Doğrusunu söyleyeyim, ben baştan beri ‘atonal'im. Haklılığın inadını da taşırım... Schönberg, A. Berg ve Webern, gerçekten de müziğe bir devrim, yeni bir sözdizimi, yeni bir dilbilgisi getirmişlerdir... Atonalliğin şiirle ilişkisi açısından size bir şey söyleyeceğim: Biliyor musunuz, ünlü besteci Schönberg ... aynı zamanda çok iyi de bir ressamdı, yine ünlü ressam Kandinsky de besteci. İkisinin karşılıklı mektuplaşmalarını okumuş muydunuz bilmem. Bununla size bir parça karşılık vermiş sayılabilir miyim?2
Bu sözlerin soruya ne ölçüde karşılık verdiğini tartışmadan önce Ece Ayhan'ın, başlığıyla Adorno'nun müzikte seriyalizm üzerine verdiği ünlü ‘Vers une musique informelle' adlı konuşmasını hatırlatan “Yeni Bir Müziğe Doğru” yazısında söylediklerinin altını çizmek önemli görünüyor:
Webern (ve tabii Schönberg de) “bu müziğe ‘Atonal Müzik' diye çok kötü bir ad takılmıştır” der. Ne yapalım yani? Bir bakıma İkinci Yeni de öyle değil mi Türkiye'de. ‘Galat-ı meşhur, lugat-ı fasihden yeğdir' derdi eskiler. Beğenilsin beğenilmesin ‘Atonallik' 1912'den ... bu yana artık başka alanlara da girerek ‘Bakışımsızlık', ‘Uç'talık, ‘Aykırılık'.. anlamlarına da getiriliyor. Getirilir. Çünkü insanların yeni bir dilbilgisi ve sözdizimi arayışıdır bu.3
Örnekleri kolaylıkla çoğaltılabilecek bu pasajlarda Ece Ayhan bir kötülük toplumunda haklılığın inadını taşıdığını ve bu inadı atonal bir formda, yeni bir dilbilgisi ve kakışımlı bir sözdizimiyle ifade ettiğini söylüyor. Bu kavramların Ece Ayhan'ın yapıtına ışık tuttuğu/tutabileceği düşüncesine karşılık, şairin kendi retrospektif yorumlarından uzak durmak ve şiiri kendi iç ekonomisi açısından okumak gerektiği öne sürülebilir. Ancak bu yaklaşım denemesinde ben Theodor Adorno'dan (ve bir ölçüde Max Horkheimer'dan) yola çıkarak Ece Ayhan'ın kullandığı kavramları birbirleriyle ilişkilendirmeye ve ortaya çıkan kavramsal çerçevenin bir yandan Ece Ayhan'ın şiirine nasıl bir arka plan oluşturabileceğini, öte yandan şiirinin biçimini, yani dilbilgisi ile sözdizimini, nasıl belirlediğini görmeye çalışacağım. Bu dilbilgisi ile sözdizimi üzerine söylediklerini daha çok ‘ikinci Yeni' bağlamında ve bu bağlama girdiğini düşündüğü diğer şairlere genelleştirerek yapıyor olsa da söyleyeceklerim doğrudan doğruya Ece Ayhan'ın şiiriyle sınırlı kalacak.
*
“Şiir şiirde kalmaz efendiler! Kalmamıştır da!”

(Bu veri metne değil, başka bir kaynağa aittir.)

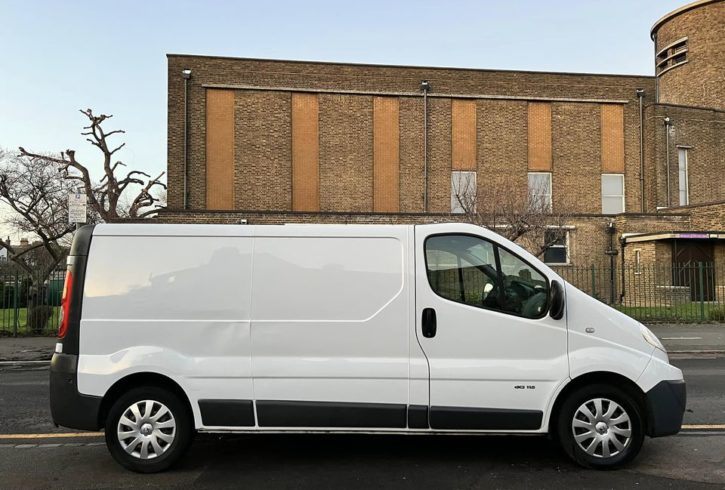 Vand Microbus Renault Trafic Lwb In Barking, Londra
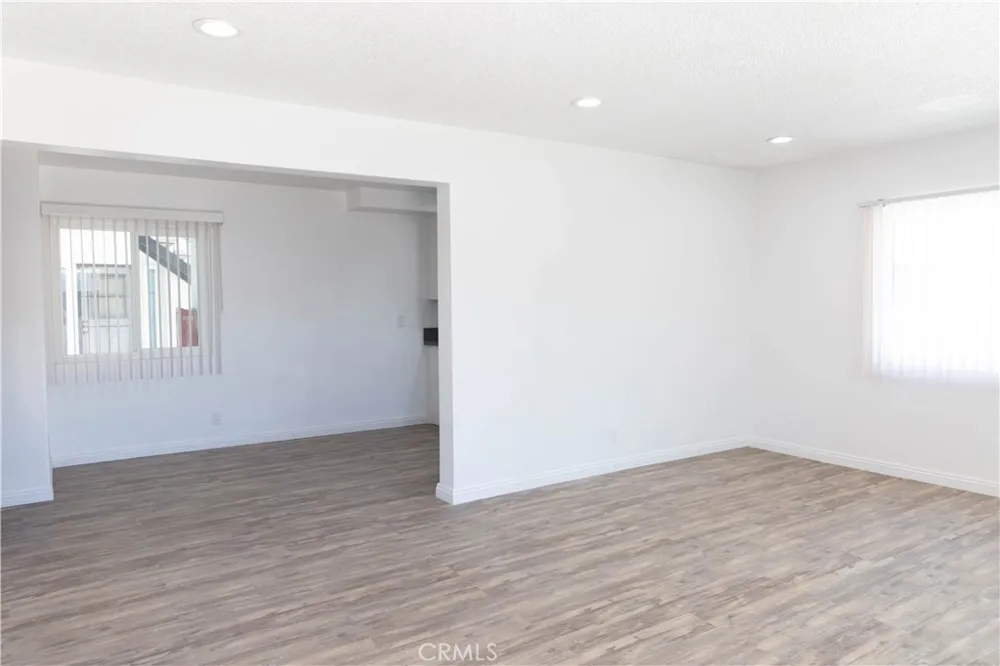 4834 W 118th Place Hawthorne, CA 90250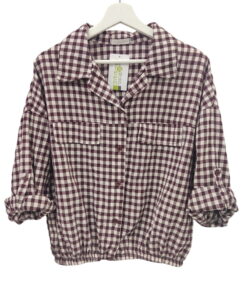 Camisa ancha de cuadros en tonos burdeos y blanco para chica, manga larga, bajo elástico y bolsillos decorativos en el pecho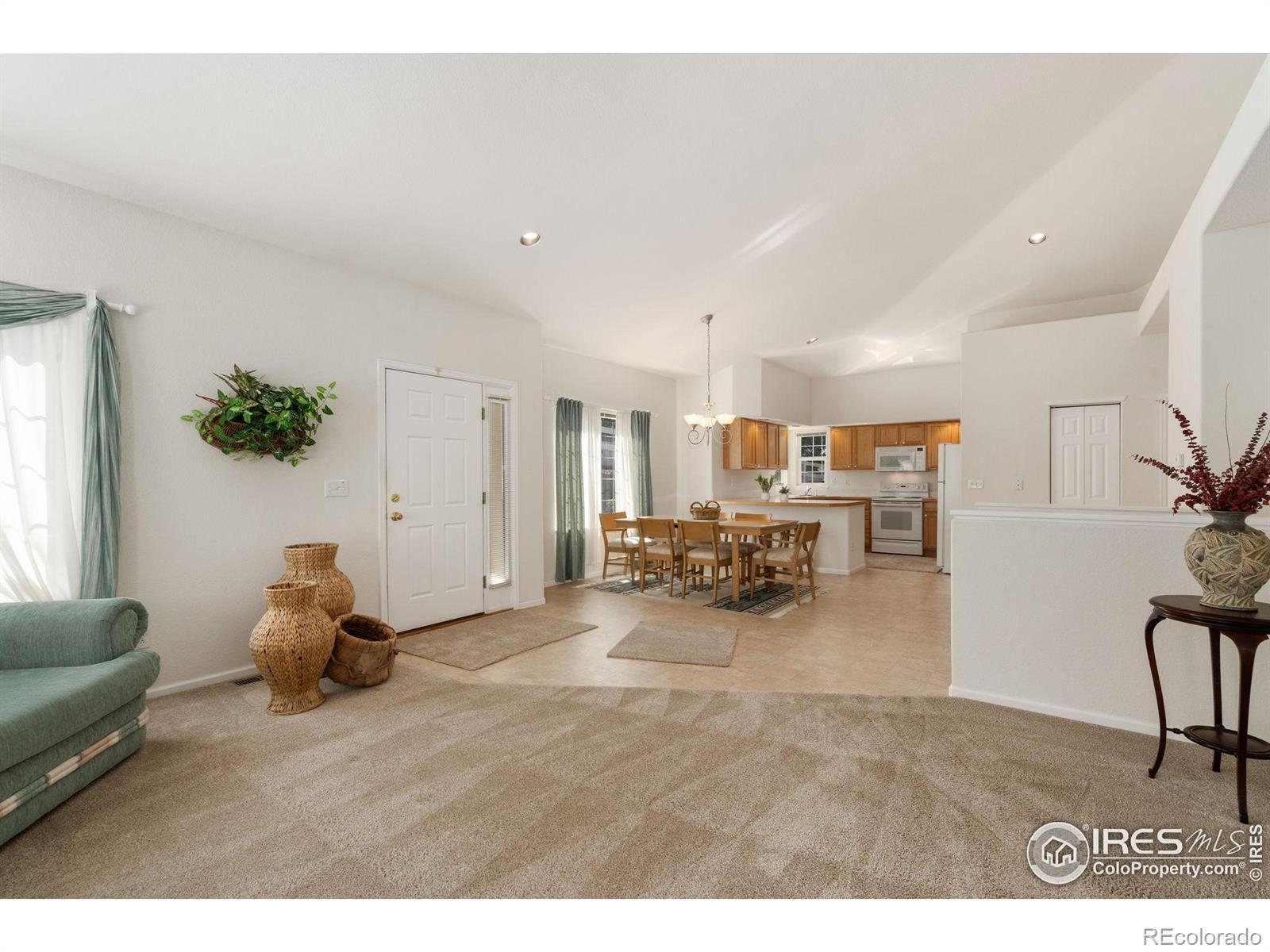 Image 4: Open Floor Plan Great for Entertaining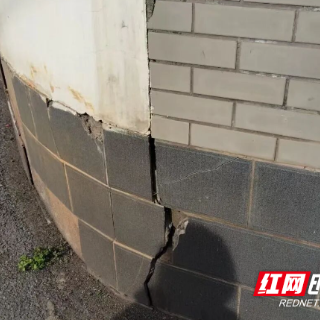 “忧心墙”变“安心墙”:石峰区一面围墙重建背后的民生温度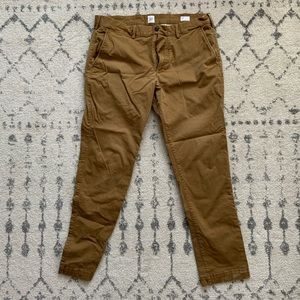 Gap Slim Fit Khaki Pants 36 x 32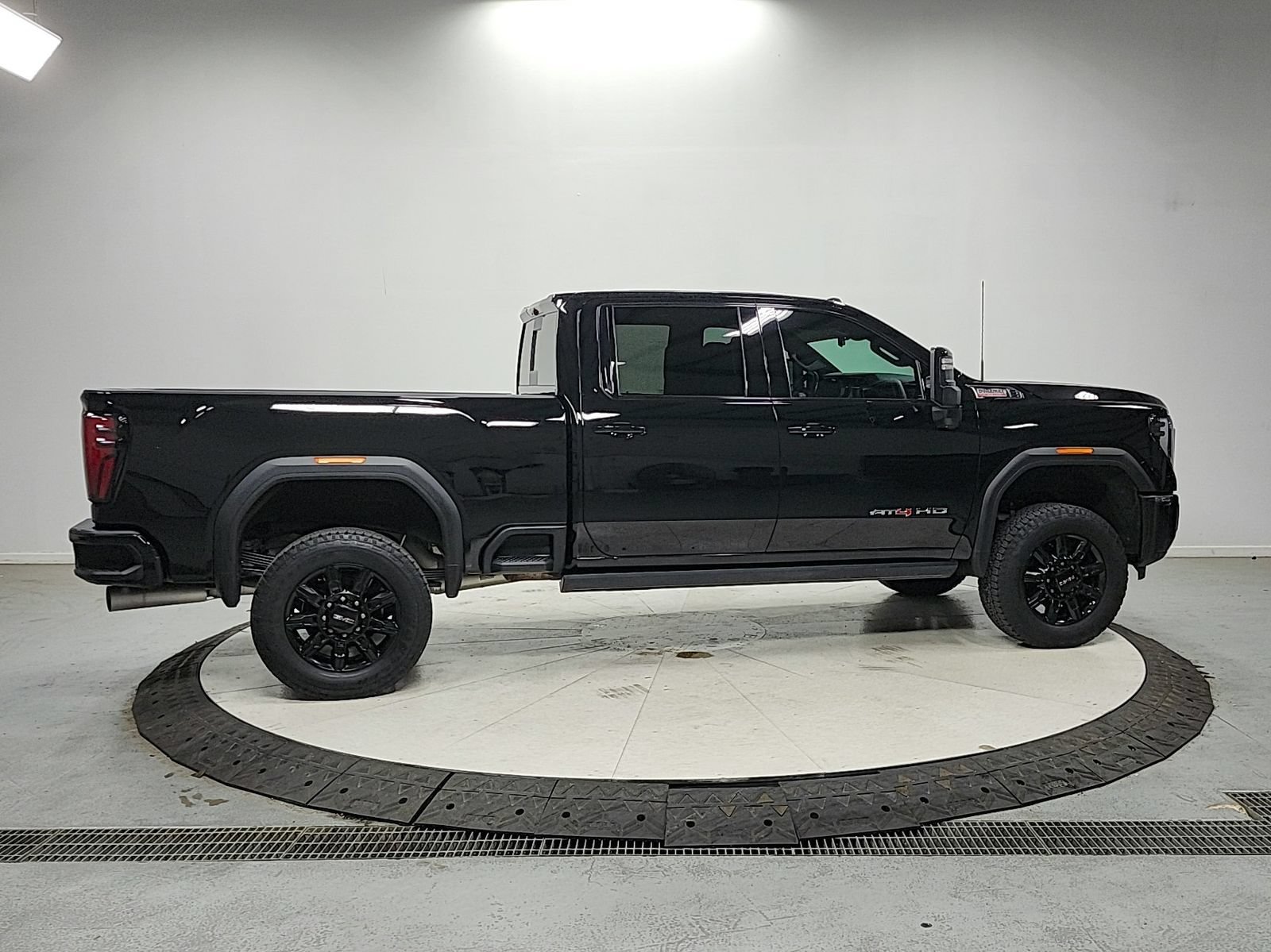 Used 2024 GMC Sierra 2500 AT4 w/ AT4 Premium Plus Package AWD/4WD image 8
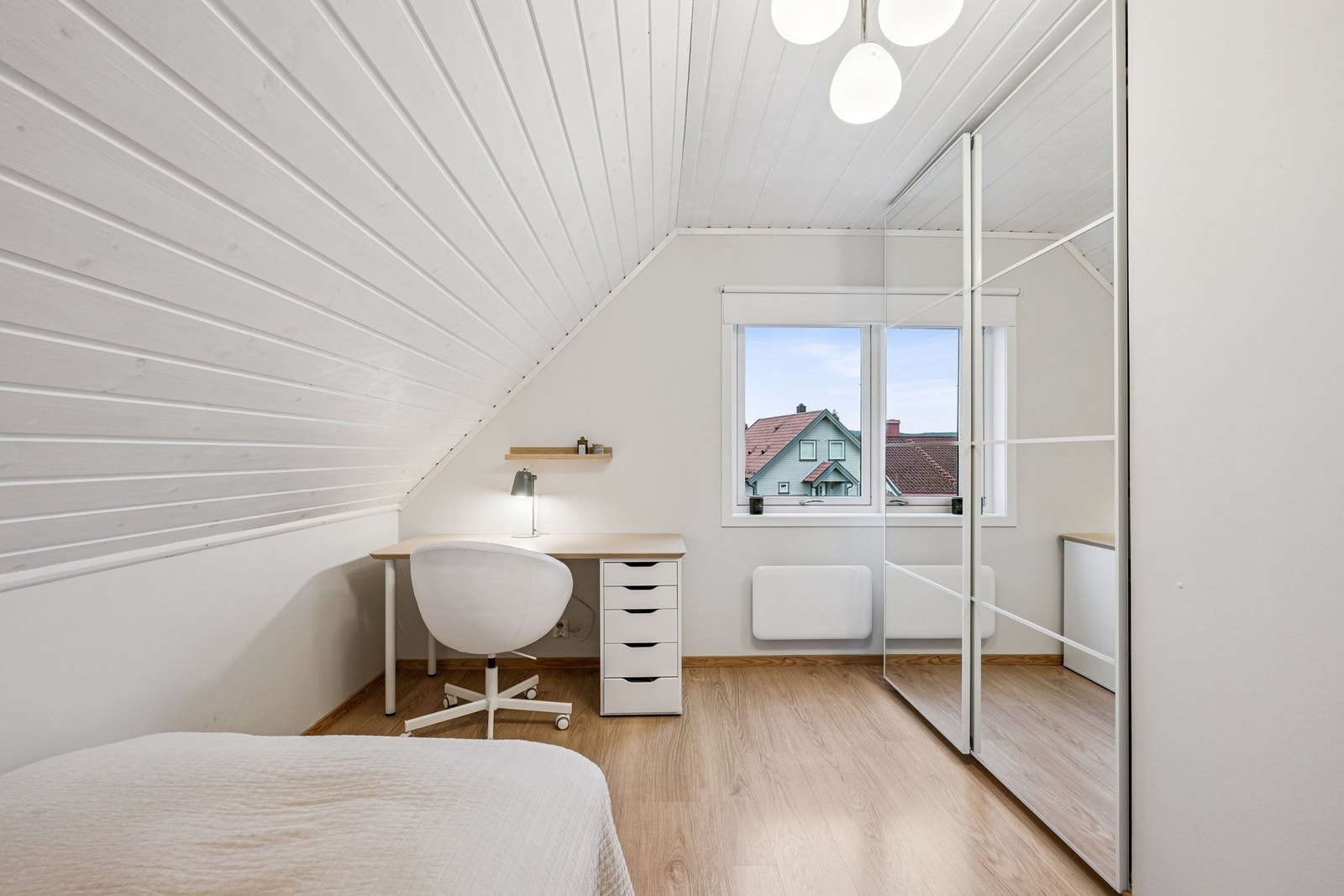 Soverom 3 med stort speilskap. Galleribilde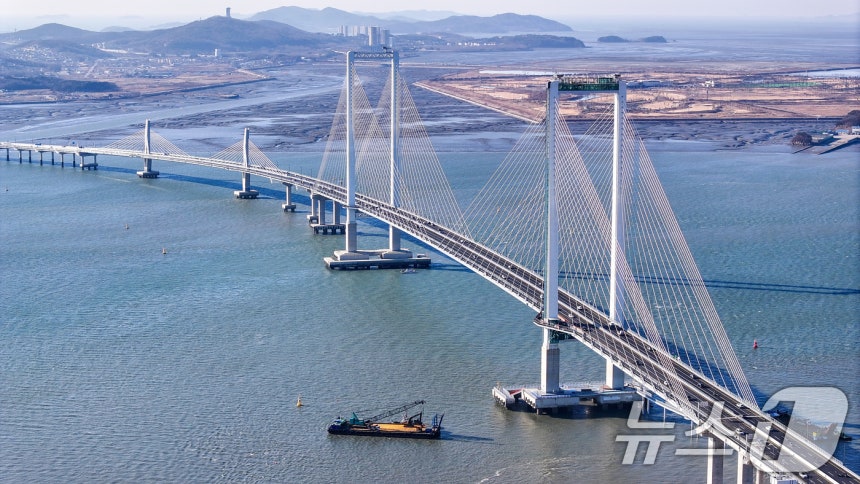 인천 제3연륙교가 개통된 5일 차량들이 제3연륙교를 통행하고 있다. 2026.1.5/뉴스1 ⓒ News1 이호윤 기자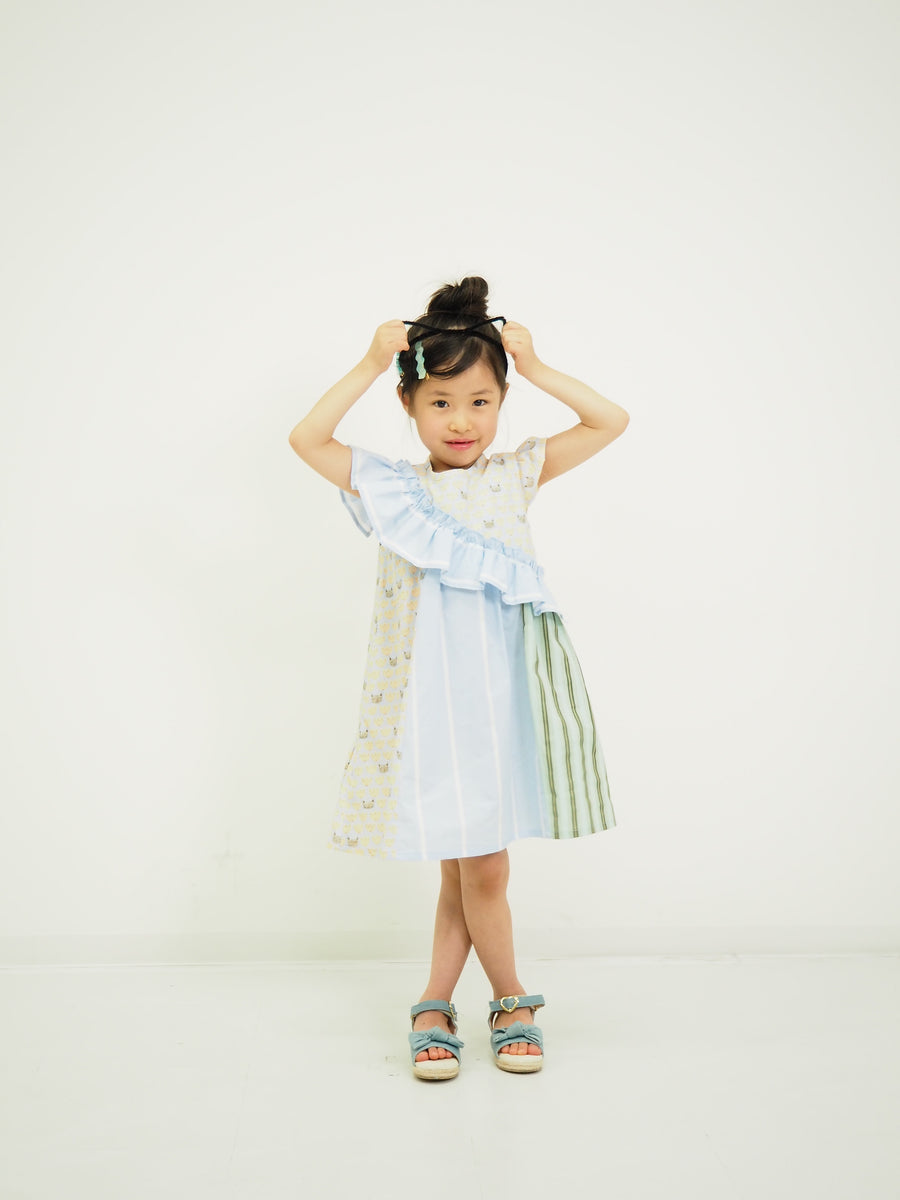 ななめショルダーフリルワンピース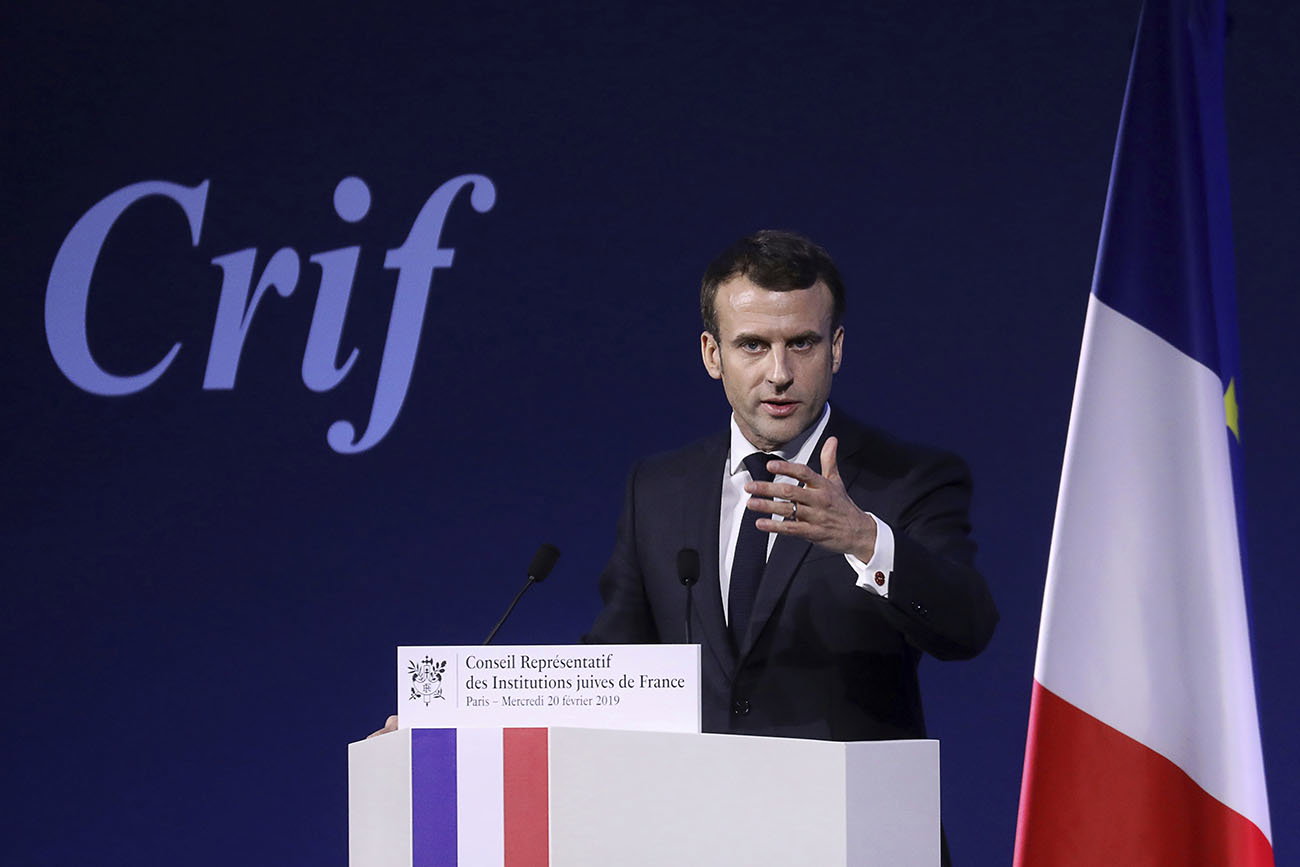 Macron gör antisemitism till politiskt slagträ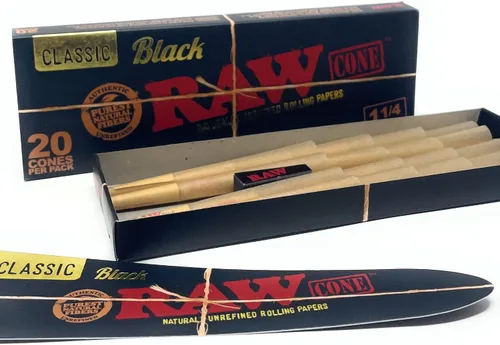 Miniatura 3 de RAW Conos negros 1 1/4 Tamaño: paquete de 20 unidades y cargador – Conos y puntas preenrollados patentados de combustión lenta, incluye adhesivo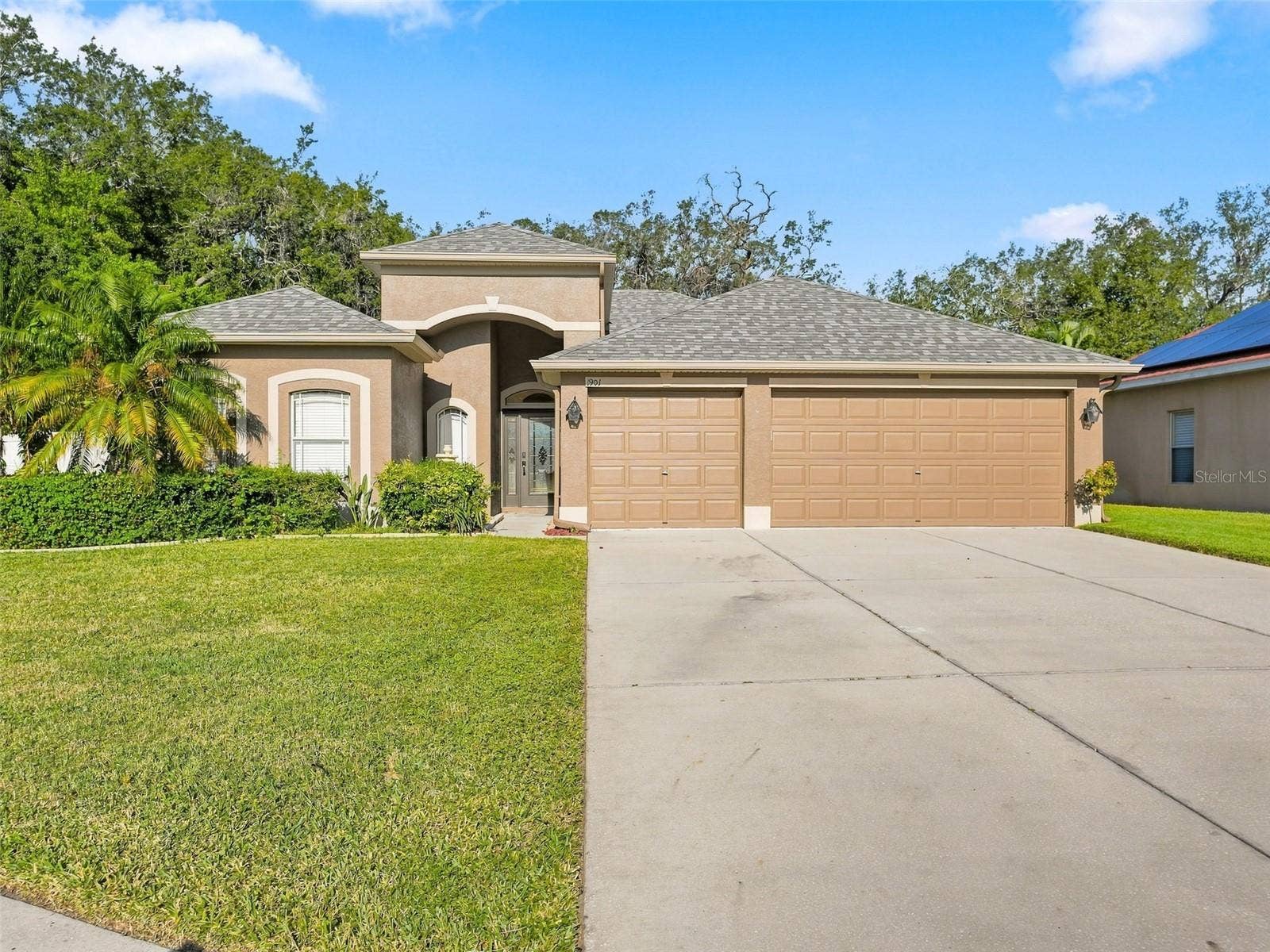 1901 OSWEGO DRIVE, Holiday, FL 34691 1901 OSWEGO DRIVE, Holiday, FL 34691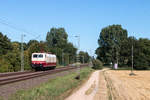 181 215 der Nordliner Gesellschaft für Eisenbahnverkehr mbH war am 31. Juli 2020 als Triebfahrzeugfahrt von Kirchweyhe nach Mönchengladbach unterwegs, hier zwischen den Haltepunkten Korschenbroich und Mönchengladbach-Lürrip.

Sanatın ‘şahsi ve muhterem' bir şey olmadığını sıkça yineleyen Ece Ayhan şiire belli bir toplumsal misyon yüklediğini ve bu misyonun kendi şiirini diğerlerinden ayırt edici bir özellik olduğunu kimi zaman dolaylı olarak kimi zaman da açık açık söyler.
Bunlar modern şiirde halkın bütün acısının yattığının, toplumbilimsel olarak en güzel örnekleri şiirin verdiğinin falan farkında değiller. Modern şiiri, ufak bir grubun işi, paraları pulları olmayan, kendine özgü, fazla etkinliği olmayan, marjinal bir grubun işi olarak düşünüyorlar.4
Bu alıntıdaki ilk cümlede apaçık olarak dile getirilen iki nokta var. İlk olarak Ece Ayhan kendi şiirini ‘modern' olarak konumlandırıyor. İkincisi, modern şiirin halkın acısıyla ilgili toplumbilimsel örnekler verdiğini söylüyor. ‘Modern şiir'in çevresinde yer alan tartışmalar düşünüldüğünde bu sözlerin iddialı bir önerme içerdiğini ve Ece Ayhan'ın modern kavramına spesifik bir anlam yüklediğini tahmin edebiliriz. İlk bakışta bir (toplumsal) gerçekçilik ilkesini çağrıştıran bu saptamaların, şiirden mevcut toplumsal gerçekliği ‘yansıtan' bir anlatı talep ettiği düşünülebilir. Ancak güç anlaşılırlığıyla (yani sıkılığıyla) bilinen ve dinleyici/okuyucudan ciddi bir teknik bilgi bekleyen atonal ve kakışımlı bir üslubun böyle bir talebe doğrudan doğruya ve geleneksel anlamda gerçekçiliğin gerektirdiği bir söyleyişle cevap vermeyeceği de açık. Dolayısıyla kötülük toplumunda modern şiirin ne tür bir toplumbilimsel hatta politik işlevi olduğu sorusu daha dolaylı bir açıklama gerektiriyor.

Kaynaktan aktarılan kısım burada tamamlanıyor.